══ Data supplied
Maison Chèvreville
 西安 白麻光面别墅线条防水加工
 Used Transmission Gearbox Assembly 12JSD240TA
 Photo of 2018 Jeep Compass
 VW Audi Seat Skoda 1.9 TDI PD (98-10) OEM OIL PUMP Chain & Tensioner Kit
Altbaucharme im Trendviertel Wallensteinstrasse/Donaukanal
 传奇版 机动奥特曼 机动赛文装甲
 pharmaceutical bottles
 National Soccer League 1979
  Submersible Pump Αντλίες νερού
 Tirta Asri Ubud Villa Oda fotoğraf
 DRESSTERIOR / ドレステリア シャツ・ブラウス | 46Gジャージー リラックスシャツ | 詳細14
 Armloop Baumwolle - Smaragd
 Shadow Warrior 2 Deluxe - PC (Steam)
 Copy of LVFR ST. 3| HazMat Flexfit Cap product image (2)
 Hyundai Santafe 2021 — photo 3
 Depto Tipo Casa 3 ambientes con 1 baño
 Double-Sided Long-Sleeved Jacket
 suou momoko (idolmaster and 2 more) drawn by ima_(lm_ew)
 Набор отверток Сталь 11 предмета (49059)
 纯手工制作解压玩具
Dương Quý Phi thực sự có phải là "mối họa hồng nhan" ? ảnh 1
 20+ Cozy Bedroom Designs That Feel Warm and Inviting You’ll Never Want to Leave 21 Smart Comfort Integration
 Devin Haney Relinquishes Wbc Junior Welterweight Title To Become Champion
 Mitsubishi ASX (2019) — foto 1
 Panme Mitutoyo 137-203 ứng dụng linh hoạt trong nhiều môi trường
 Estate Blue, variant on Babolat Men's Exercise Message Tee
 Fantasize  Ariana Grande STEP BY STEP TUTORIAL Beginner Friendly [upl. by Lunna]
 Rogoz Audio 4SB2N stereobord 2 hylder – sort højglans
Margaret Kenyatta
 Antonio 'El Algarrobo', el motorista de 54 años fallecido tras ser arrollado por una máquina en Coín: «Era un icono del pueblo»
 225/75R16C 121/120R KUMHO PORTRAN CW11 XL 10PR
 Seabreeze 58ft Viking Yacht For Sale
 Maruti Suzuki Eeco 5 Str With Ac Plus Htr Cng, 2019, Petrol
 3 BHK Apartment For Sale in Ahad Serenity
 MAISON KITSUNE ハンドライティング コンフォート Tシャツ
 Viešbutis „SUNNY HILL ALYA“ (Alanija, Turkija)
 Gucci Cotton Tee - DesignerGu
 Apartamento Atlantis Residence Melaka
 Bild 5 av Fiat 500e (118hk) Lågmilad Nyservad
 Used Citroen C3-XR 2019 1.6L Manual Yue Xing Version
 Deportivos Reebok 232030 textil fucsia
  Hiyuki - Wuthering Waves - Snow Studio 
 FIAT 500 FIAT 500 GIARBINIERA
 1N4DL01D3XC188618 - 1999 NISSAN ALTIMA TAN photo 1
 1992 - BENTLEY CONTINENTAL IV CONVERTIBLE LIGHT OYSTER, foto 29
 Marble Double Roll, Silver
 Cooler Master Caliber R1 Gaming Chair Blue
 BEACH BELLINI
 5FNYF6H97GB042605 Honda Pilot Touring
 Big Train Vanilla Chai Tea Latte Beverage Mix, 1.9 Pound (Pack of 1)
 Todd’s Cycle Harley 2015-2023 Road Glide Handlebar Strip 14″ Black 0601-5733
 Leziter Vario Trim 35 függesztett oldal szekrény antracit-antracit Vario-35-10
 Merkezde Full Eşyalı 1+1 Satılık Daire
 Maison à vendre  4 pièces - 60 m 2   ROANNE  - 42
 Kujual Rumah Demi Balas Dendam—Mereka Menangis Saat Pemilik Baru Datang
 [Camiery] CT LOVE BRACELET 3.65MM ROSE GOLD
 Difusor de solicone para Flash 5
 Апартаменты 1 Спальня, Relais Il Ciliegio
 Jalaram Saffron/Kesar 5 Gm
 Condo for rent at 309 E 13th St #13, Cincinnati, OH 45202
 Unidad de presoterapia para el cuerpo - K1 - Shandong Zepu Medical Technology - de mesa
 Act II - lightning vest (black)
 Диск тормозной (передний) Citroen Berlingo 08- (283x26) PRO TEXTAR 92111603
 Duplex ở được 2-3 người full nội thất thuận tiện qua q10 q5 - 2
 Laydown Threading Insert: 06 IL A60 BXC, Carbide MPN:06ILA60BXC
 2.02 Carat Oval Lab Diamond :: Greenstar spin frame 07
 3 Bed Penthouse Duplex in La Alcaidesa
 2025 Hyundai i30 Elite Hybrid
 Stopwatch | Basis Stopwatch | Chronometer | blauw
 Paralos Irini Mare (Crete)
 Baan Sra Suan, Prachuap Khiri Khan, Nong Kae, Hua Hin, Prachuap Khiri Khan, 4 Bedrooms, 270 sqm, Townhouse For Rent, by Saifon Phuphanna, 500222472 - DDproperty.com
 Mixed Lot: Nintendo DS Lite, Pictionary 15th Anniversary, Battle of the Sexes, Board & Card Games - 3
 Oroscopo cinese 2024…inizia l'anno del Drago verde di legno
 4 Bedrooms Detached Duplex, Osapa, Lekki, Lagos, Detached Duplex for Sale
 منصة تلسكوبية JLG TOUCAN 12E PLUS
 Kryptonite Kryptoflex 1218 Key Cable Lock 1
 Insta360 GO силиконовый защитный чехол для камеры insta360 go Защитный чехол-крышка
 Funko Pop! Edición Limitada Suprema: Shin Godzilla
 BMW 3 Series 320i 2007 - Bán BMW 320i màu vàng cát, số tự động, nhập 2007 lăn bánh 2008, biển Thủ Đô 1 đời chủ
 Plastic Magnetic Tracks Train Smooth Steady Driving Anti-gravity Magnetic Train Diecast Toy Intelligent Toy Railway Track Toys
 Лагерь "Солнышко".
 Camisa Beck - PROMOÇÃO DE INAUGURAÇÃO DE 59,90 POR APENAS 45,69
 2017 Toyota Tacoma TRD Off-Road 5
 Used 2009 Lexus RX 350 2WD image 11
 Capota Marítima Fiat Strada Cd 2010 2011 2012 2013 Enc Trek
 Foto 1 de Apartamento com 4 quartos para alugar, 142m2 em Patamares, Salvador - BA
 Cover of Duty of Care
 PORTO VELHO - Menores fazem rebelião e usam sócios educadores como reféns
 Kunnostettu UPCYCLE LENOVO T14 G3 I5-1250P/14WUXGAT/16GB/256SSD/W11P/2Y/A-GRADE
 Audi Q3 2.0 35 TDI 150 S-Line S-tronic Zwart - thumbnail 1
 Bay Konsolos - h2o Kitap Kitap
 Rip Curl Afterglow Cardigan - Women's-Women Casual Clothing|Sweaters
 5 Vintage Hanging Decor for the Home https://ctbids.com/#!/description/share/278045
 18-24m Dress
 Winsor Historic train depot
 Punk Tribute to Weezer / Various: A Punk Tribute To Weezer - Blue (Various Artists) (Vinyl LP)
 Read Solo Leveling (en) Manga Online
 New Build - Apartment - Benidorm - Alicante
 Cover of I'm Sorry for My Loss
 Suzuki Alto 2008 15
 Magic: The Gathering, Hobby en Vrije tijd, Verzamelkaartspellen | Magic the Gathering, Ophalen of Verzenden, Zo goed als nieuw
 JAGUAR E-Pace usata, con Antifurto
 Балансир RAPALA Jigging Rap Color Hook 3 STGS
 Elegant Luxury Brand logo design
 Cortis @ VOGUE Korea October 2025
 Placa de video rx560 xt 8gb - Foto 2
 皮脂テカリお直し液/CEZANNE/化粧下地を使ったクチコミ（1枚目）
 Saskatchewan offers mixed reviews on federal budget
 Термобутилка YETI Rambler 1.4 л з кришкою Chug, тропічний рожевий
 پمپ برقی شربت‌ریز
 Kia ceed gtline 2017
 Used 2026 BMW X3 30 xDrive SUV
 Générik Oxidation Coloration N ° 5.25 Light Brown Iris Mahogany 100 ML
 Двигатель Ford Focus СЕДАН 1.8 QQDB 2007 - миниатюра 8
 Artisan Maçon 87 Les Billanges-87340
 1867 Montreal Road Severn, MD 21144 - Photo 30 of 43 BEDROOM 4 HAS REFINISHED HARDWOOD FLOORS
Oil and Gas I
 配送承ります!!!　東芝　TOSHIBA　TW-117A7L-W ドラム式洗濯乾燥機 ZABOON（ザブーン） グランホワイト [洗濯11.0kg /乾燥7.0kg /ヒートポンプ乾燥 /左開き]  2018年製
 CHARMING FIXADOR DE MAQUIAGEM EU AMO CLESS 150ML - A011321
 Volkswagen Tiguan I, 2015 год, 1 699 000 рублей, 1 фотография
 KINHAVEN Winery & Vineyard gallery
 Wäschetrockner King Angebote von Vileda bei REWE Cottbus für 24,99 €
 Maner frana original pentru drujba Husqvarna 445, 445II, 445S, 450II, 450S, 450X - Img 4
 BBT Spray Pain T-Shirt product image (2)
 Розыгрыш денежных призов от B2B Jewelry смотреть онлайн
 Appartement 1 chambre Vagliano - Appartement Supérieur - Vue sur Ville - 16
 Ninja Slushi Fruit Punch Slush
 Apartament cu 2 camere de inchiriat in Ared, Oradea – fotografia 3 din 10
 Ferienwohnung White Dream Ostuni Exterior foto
════
● **What to work on**:
Scanning the material above, work out how many lines contain the word "Road" and reply with the number only.

● **Your response**:
3